Utopiales

2017, il était temps / 2018, ça prend corps

À la veille des 19e Utopiales, incontournable Festival international de science-fiction de Nantes, retour sur l’édition 2017 et bref aperçu de ce qui nous attend en 2018.

2017, tempus fugit

Je ne sais pas ce qui s’est passé. Un an pour livrer un compte-rendu de festival, c’est vraiment exagéré, même si c’est en quelque sorte raccord avec le thème développé cette année-là : le temps… Il m’a glissé entre les doigts, s’est enfui… Fichtre, je vais tenter de le rattraper, avant qu’il ne soit définitivement trop tard ! Car il y avait de jolies choses à rapporter de l’édition passée.

Deux expériences en salle m’ont tout particulièrement impressionnée. L’une grâce aux spectateurs, l’autre pour le film projeté. Le premier souvenir se déroule du côté de la rétrospective, où je découvrais C’est arrivé demain de René Clair (1944), une sympathique fable sur un journaliste qui se met à recevoir chaque jour les nouvelles du lendemain. Mais ce qui a rendu la séance mémorable, c’est le couple assis non loin de moi ; deux élégants sexagénaires que j’avais repérés avant d’entrer en salle, car l’homme tenait un entonnoir relié à un tuyau, ce qui paraissait plutôt incongru. Mais digne de la ville de Jules Verne (oui, un natif de Nantes, terre de science-fiction) : le dispositif permettait, en effet, au monsieur de livrer discrètement une audio-description à sa compagne aveugle. Simple, efficace, poétique.

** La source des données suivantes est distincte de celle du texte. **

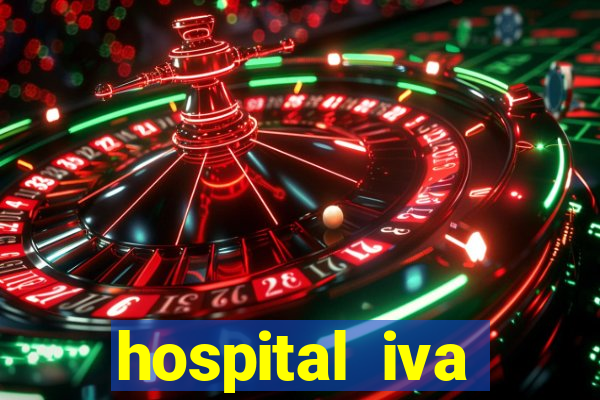 hospital iva trabalhe conosco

Bricolage poétique également du côté de mon coup de cœur absolu, Junk Head de Takahide Hori (2017). Il faut savoir que les Utopiales ont une composante légèrement autarcique : on ne bouge guère de la grande Cité des Congrès de Nantes où, sur trois niveaux, on passe d’une des trois salles de cinéma à l’un ou l’autre lieu de conférence ; où l’on traverse plusieurs expositions pour rejoindre les parties réservées aux livres (= la plus grande librairie éphémère de SF d’Europe + la bibliothèque municipale délocalisée + les stands des éditeurs indépendants et des bouquinistes) et les espaces dédiés aux jeux (vidéo, de plateau, etc.). Et puis, il y a le bar. Et aussi le restaurant. Et dans ce restaurant, il y a de grandes tablées qui incitent au mélange et favorisent les rencontres entre festivaliers et invités. Le soir de Junk Head, j’y dînais donc en stimulante compagnie, enchaînant les petits verres et perdant doucement toute notion de l’heure qu’il était. Mais dans un sursaut de curiosité cinéphile, je me suis forcée à filer jeter ne serait-ce qu’un œil au film de Takahide Hori, espérant à moitié qu’au bout de 10 minutes j’en aurai assez, histoire de retourner bavarder et picoler (deux activités que j’affectionne, je le confesse bien volontiers).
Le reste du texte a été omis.